(ACTION ITEM)
Without the pictures, output the records below exactly as they are.

Pictures with short captions
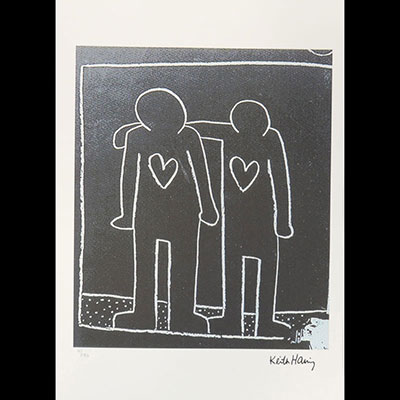 Keith Haring - Lithographie sur papier signée et numérotée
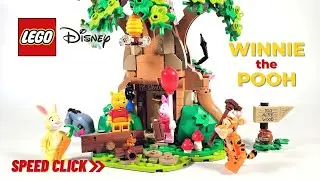 LEGO 21326 Ideas. Disney. WINNIE THE POOH - Speed Build
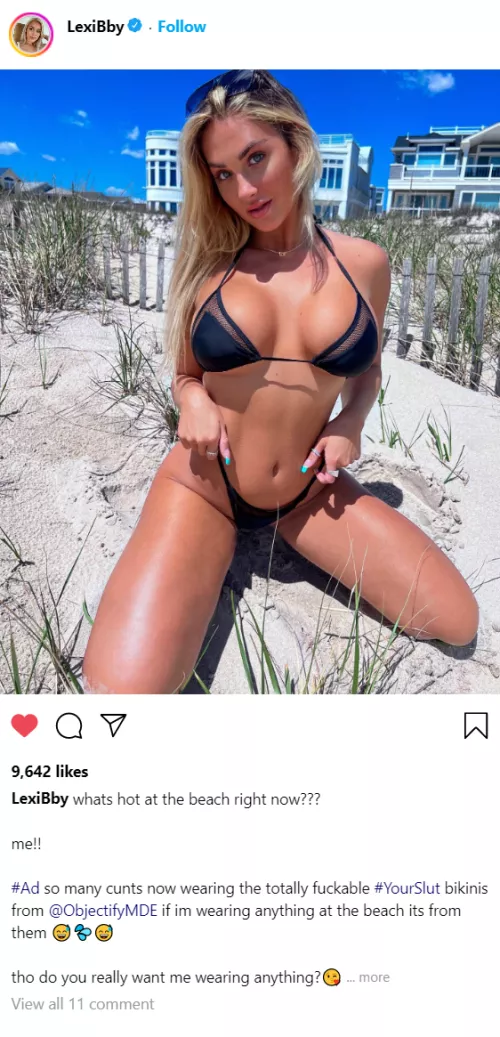 (cuntagram) @LexiBby - Am I blocking the view???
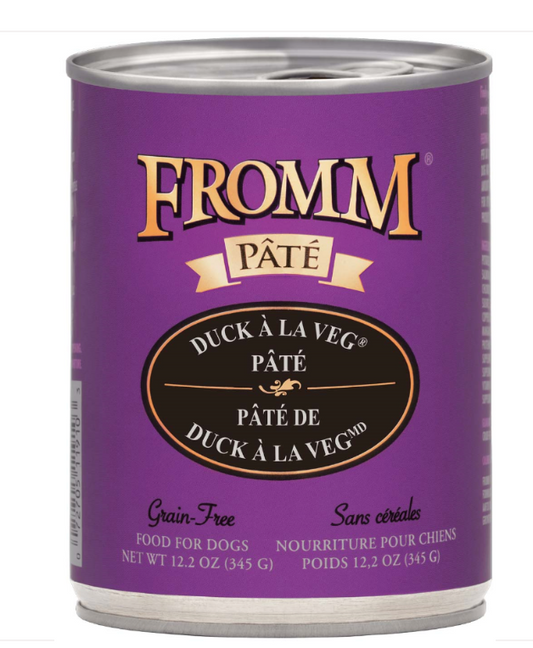 Fromm Pâté Dog Food - Duck A La Veg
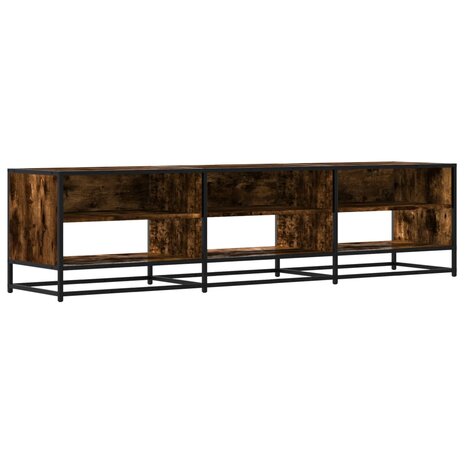 Tv-meubel 180x40x46 cm bewerkt hout gerookt eikenkleurig 2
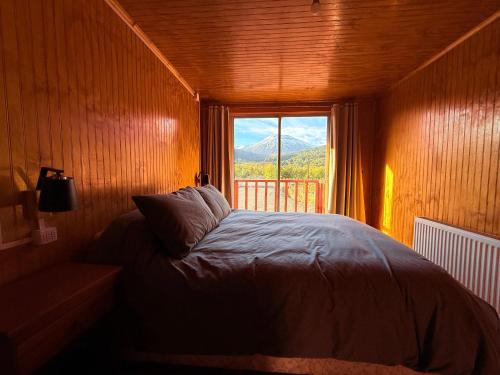 Hostal Piedra Santaにあるベッド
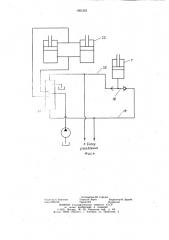 Гидросистема механизма фиксации бурового оборудования (патент 1051253)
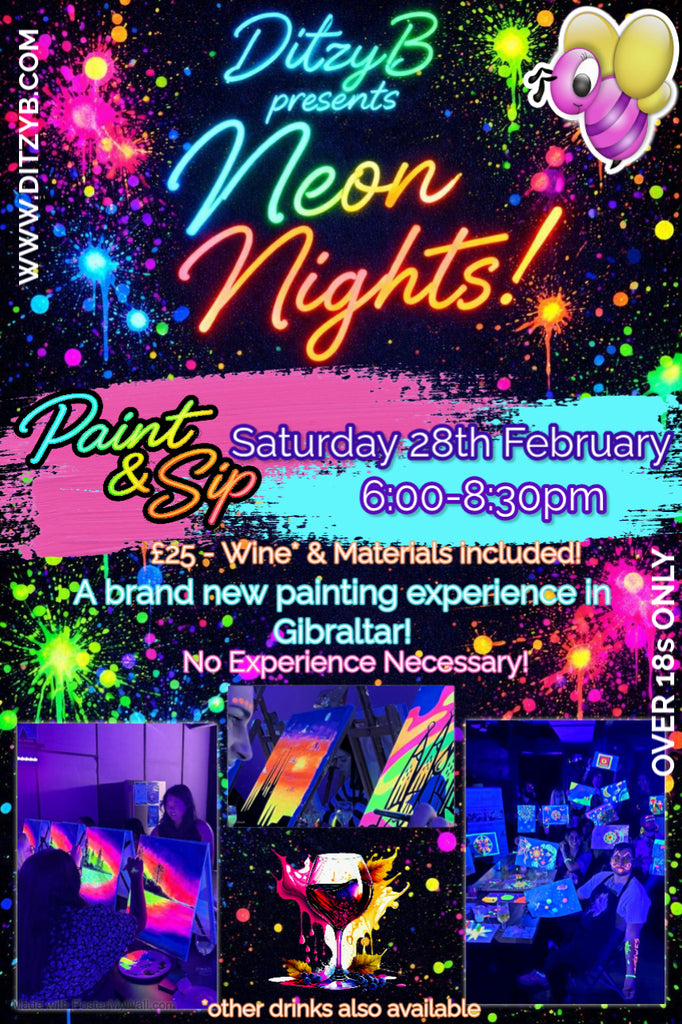 Neon Nights - UV Paint & Sip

(TASK SOLUTION)
 Keith Haring - Lithographie sur papier signée et numérotée
 LEGO 21326 Ideas. Disney. WINNIE THE POOH - Speed Build
 (cuntagram) @LexiBby - Am I blocking the view???
 Fromm Pâté Dog Food - Duck A La Veg
 Tv-meubel 180x40x46 cm bewerkt hout gerookt eikenkleurig 2
 Hostal Piedra Santaにあるベッド
 Гидросистема механизма фиксации бурового оборудования (патент 1051253)
 Neon Nights - UV Paint & Sip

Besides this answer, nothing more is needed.